Amid demands from Republicans that his successor appoint a replacement for the late Supreme Court Justice Antonin Scalia, President Obama has said firmly that he will submit a nominee and that the Senate should vote on the nominee in a timely manner.

“I plan to fulfill my constitutional responsibilities to nominate a successor in due time and there will be plenty of time for me to do so and for the Senate to fulfill its responsibility to give that person a fair hearing and a timely vote,” Obama said Saturday night. “These are responsibilities that I take seriously, as should everyone. They’re bigger than any one party. They are about our democracy. They are about the institution to which Justice Scalia dedicated his professional life and making sure it continues to function as the beacon of justice that our founders envisioned.”

Most of the Republicans running for president say the Senate should confirm no nominee during the last year of the Obama administration, as does Senate Majority Leader Mitch McConnell.

Obama also called Scalia “one of the towering legal figures of our time.” Obama noted the justice’s wit and erudition, his love of both hunting and opera, and his friendship with Justice Ruth Bader Ginsburg despite their widely differing views. Watch below.

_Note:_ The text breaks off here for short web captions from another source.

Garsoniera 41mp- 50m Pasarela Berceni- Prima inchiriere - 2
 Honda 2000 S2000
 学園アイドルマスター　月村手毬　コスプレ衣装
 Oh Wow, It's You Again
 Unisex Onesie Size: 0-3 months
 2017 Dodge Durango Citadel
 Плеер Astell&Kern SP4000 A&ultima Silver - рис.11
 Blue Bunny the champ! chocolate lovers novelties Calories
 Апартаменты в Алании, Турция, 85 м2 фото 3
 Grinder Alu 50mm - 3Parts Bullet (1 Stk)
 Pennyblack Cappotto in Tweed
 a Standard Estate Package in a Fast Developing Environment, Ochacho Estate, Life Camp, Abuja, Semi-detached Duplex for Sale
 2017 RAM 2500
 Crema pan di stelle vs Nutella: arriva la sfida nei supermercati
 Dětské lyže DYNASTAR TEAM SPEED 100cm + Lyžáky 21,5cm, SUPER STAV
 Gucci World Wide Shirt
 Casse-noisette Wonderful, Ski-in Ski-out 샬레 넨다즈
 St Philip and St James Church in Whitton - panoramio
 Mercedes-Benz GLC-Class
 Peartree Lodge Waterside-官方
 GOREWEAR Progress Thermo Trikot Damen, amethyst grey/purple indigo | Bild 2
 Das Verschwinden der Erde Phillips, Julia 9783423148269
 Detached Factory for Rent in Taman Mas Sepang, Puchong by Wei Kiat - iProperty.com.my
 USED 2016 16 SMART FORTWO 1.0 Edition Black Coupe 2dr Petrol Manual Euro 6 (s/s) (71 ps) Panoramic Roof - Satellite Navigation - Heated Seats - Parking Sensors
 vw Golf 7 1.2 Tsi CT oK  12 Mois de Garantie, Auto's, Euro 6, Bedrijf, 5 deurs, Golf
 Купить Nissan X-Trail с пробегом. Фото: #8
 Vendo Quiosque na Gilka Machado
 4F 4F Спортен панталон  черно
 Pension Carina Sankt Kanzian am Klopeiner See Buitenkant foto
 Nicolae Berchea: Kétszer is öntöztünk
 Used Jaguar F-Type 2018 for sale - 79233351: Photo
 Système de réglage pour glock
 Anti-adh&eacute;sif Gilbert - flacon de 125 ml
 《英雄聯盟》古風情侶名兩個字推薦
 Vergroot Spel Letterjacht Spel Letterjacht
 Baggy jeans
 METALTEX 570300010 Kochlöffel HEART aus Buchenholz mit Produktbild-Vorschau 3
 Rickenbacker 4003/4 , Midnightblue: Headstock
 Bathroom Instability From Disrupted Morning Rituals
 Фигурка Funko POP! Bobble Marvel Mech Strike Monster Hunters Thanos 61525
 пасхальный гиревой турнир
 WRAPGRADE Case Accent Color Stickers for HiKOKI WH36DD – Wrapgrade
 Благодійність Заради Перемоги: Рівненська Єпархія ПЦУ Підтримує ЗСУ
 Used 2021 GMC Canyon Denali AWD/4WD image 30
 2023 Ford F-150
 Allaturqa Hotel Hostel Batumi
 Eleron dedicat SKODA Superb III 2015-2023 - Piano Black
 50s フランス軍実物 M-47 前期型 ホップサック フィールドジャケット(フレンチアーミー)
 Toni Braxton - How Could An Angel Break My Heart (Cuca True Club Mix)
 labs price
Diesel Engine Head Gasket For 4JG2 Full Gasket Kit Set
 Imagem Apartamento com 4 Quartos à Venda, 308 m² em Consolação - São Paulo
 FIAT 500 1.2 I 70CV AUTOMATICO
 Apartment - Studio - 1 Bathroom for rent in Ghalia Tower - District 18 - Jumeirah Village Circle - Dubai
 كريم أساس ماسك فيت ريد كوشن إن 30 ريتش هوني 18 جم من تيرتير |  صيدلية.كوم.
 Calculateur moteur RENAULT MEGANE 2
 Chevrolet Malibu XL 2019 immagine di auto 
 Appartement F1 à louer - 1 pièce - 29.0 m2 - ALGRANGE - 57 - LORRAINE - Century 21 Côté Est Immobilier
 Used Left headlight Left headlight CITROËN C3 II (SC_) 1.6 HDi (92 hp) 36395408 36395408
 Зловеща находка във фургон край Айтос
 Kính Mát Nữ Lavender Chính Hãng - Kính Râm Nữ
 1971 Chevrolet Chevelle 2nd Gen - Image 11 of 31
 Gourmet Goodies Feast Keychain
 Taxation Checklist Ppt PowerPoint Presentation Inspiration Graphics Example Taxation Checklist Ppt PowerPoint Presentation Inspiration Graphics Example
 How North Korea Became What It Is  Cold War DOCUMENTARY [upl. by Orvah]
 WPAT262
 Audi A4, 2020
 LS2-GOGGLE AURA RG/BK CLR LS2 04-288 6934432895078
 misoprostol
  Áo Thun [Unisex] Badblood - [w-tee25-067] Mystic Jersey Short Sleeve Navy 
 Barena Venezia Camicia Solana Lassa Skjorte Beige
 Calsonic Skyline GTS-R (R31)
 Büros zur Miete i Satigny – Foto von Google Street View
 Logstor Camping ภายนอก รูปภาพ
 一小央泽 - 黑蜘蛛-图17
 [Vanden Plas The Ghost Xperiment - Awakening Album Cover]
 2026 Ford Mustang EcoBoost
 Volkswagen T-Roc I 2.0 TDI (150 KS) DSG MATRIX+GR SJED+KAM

Former Secretary of State Hillary Clinton, who is seeking the Democratic presidential nomination, likewise honored Scalia’s career while denouncing the Republican call to delay replacing him:

 

 

Sen. Patrick Leahy of Vermont, the ranking Democrat on the Senate Judiciary Committee, also said there should be no delay. “The American people deserve to have a fully functioning Supreme Court,” he said, according to The Hill. “The Supreme Court of the United States is too important to our democracy for it to be understaffed for partisan reasons. It is only February. The president and the Senate should get to work without delay to nominate, consider and confirm the next justice to serve on the Supreme Court.”